The regridding operation (g3Regrid) has been implemented for services which require datasets with the same resolution. This operation will be especially useful for data intercomparison services (such as Correlation Maps, Lat-Lon map of time averaged differences, etc.) where the data are provided by different instruments. The regridding step gives the user sufficient flexibility to run intercomparison services for data products with different spatial resolutions. To reduce the computational burden, the regridding operation first checks if the datasets have the same spatial resolution. If the datasets do share the same resolution, the data is retained at that resolution and the service proceeds to the next operation. If the datasets do not have the same resolution, the regridding operation regrids the data to the coarsest spatial resolution of the datasets invoked by the service.
The regridding operation initiates by obtaining the dataset information provided by previousoperations of the requested service.
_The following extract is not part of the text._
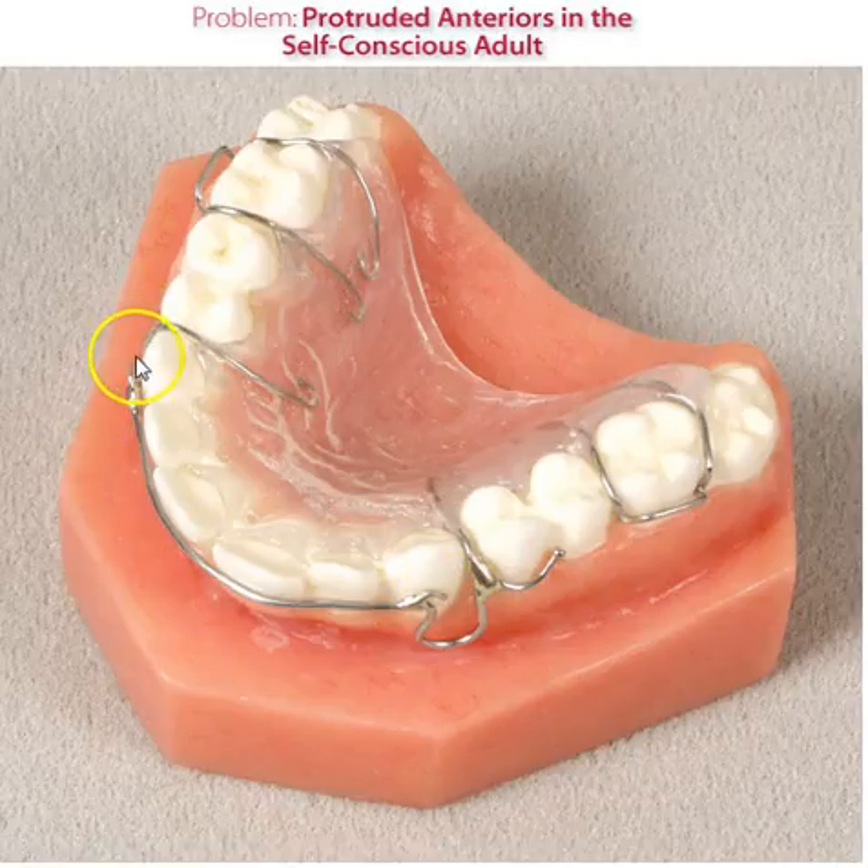The patient is then instructed to run a light elastic that we provide over the facial of all the anteriors, from one hook to the other hook. This light, gentle force of an elastic will apply gentle forces to retract the anteriors.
As stated before, it checks all of the dataset spatial resolutions, and if the spatial resolution of all the datasets is the same, regridding is not required and the computation proceeds to the next operation. If the spatial resolutions differ, then the spatial resolution of each dataset is regridded to a common spatial resolution, which will be the coarsest spatial resolution among all the datasets. The dataset possessing the coarsest spatial resolution does not require regridding.
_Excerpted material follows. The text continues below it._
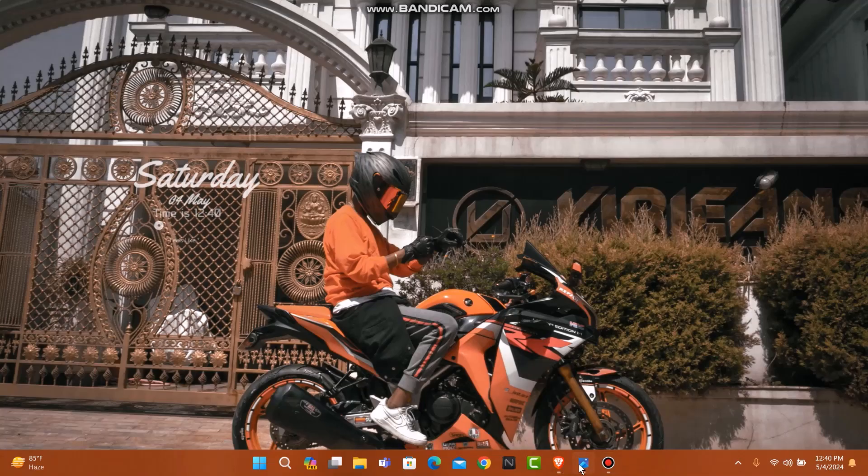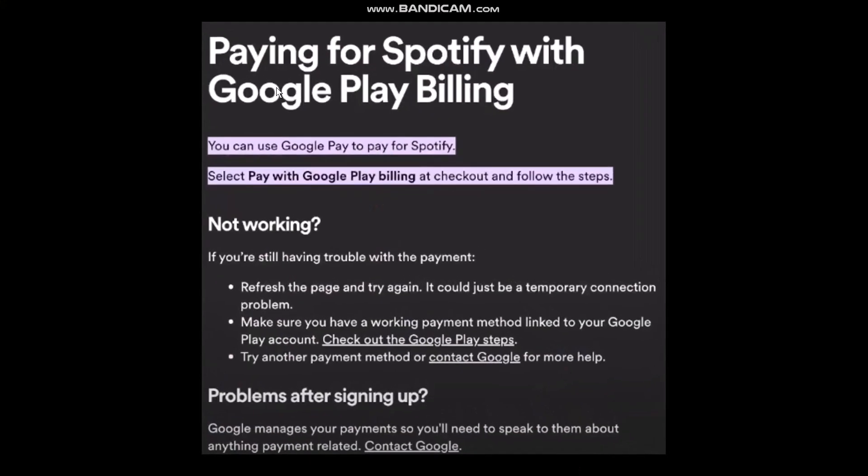The first thing you need to do is open up Google and search for 'pay with Google Pay'. Once you hit enter you'll see this information. You can use Google Pay to pay for Spotify. If you have any issues, refresh the page and try again — it could be a temporary connection problem. Make sure you have a working payment method linked to your Google Play account.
The regridding operation currently implements the Box Averaging algorithm provided by GrADS as the regridding function. The regridding operation itself is implemented such that it will be able to support other regridding functions in the future, such as Vote interpolation, Bi-Linear Interpolation, Bessel Interpolation, etc. One of the future goals for this operatiion s to be capable of regridding to the finest spatial resolution, or to a custom spatial resolution provided by the user.